Every publisher of books and journals should cut that paragraph out and post it in a highly visible location.
At the same time, Amanda Hocking, the self-publishing phenomenon who recently came to wide attention after reporters learned she’d managed to earn millions of dollars selling her novels mostly as e-books, accepted a traditional publishing contract with St. Martin’s Press. Yet her reasons for doing so have nothing to do with self-validation or marketing help or vanity. Instead, it has to do with getting better editing help and helping readers find her books in stores. Most significantly, Hocking writes so quickly that the books she’s committing to St.

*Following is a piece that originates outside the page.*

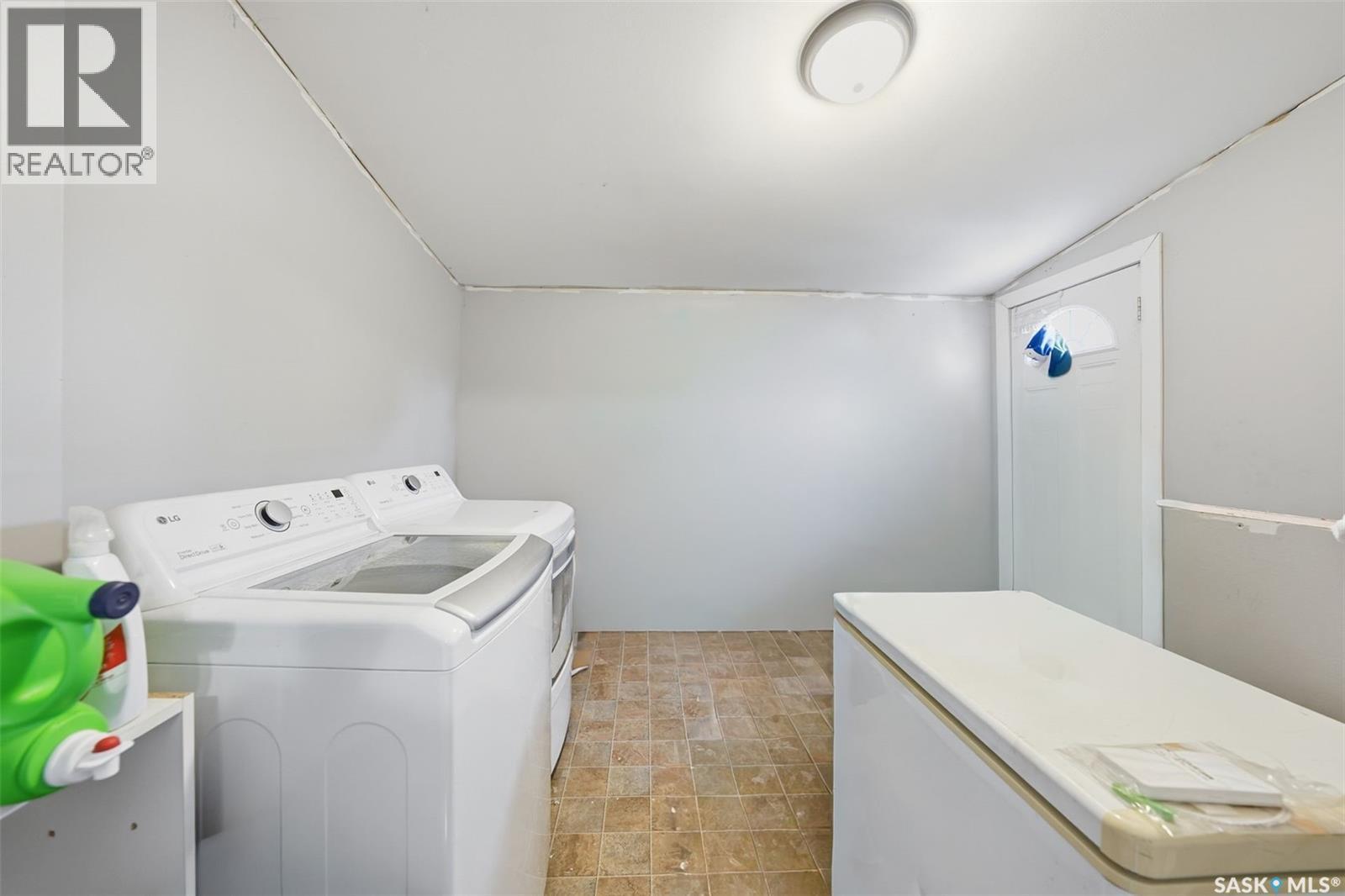 455 Andrew Street, Asquith, SK - Indoor Photo Showing Laundry Room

Martin’s are basically written, and she’ll still be able to self-publish other novels she’s working on.
As news of Eisler’s decision spreads, phones will be ringing in literary agencies all over town with authors asking agents, “shouldn’t I be doing this?” . . . the direction of change makes this decision likely to make more sense to more authors each successive week than it did the week before.

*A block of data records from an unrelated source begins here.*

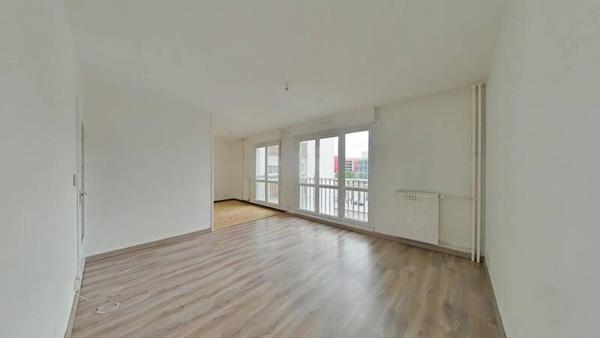 Appartement 1 pièce                                        - 42000 Saint-Étienne Réf : 12590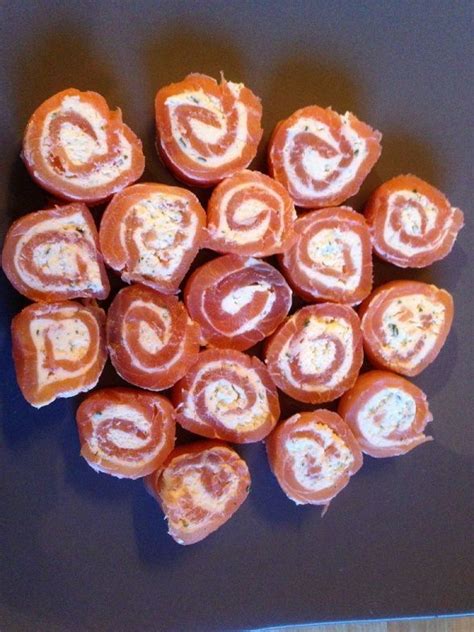 Mini roulés saumon fumé Boursin ail et fines herbes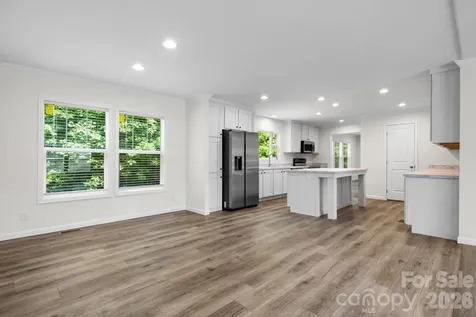 4960 Berkley Street Morganton NC 28655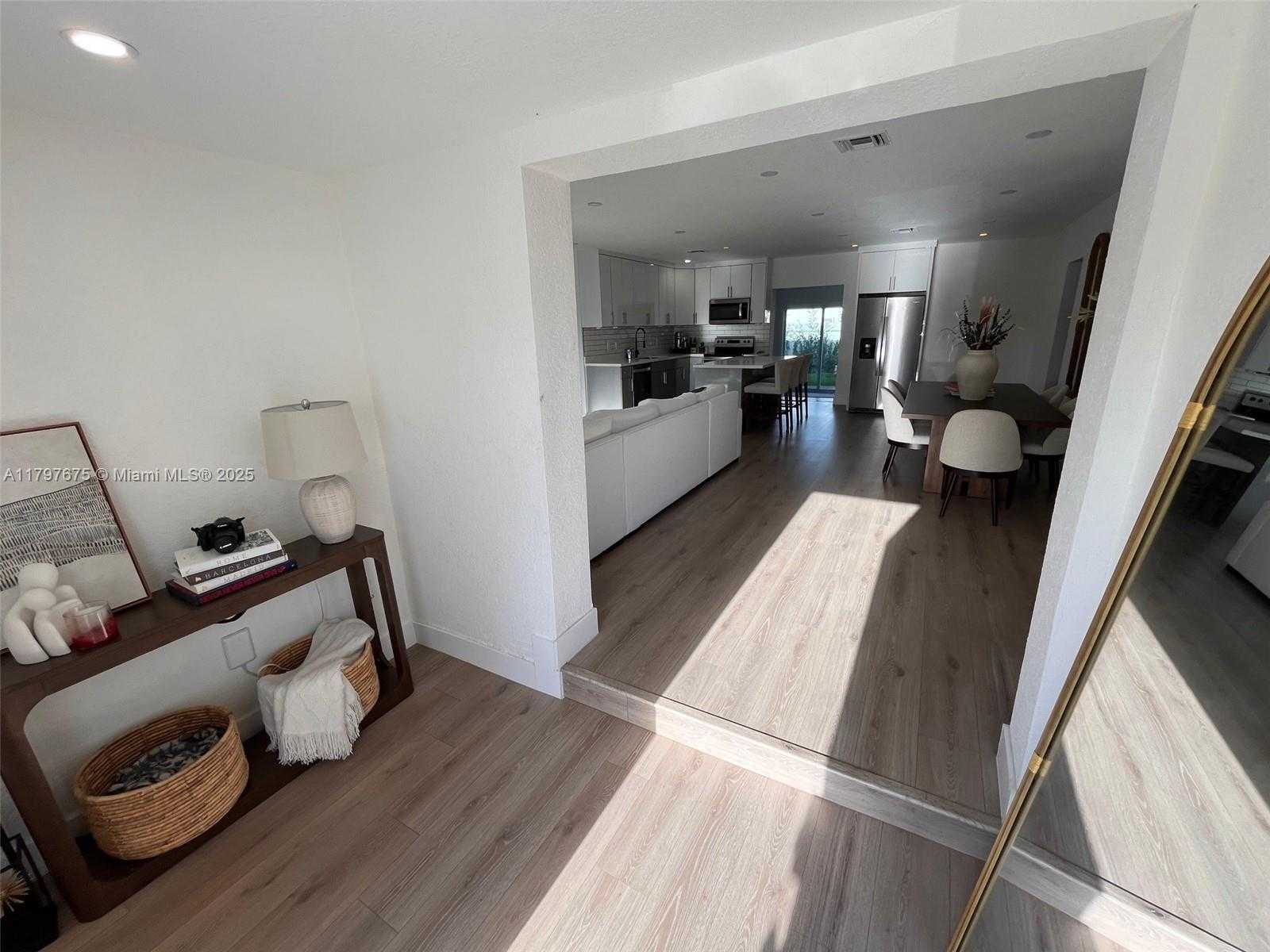 Small Image of 18361 NORTH EAST 20TH PL #18361, North Miami Beach Number 21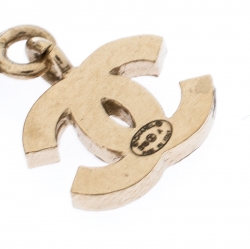 مملوكة مسبقًا Chanel CC Crystal Camellia Drop Earrings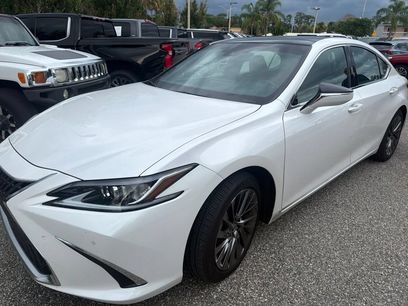 Used 2024 Lexus ES 350 w/ Technology Package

Authors in some fields of our scholarly realm now have similar choices — pay to publish more quickly and, in some cases, just as prestigiously, or pay nothing, wait longer, and gain what may be only marginally more prestige.
Perhaps what summarizes the changes best is a quote from David Carnoy, an author who has experience both self-publishing and publishing traditionally:
I suspect that the most successful and truly talented indie writers will end up with some form of traditional publishing deal at some point in their careers. It’s one thing if you’ve already been published and are moving to self-publishing for all the pros mentioned. But ultimately, it’s good to be able to say you were “really” published–and experience it, for better or worse.
For better or worse. Ultimately, that’s the question an author can consider now, and with many options in between those two extremes.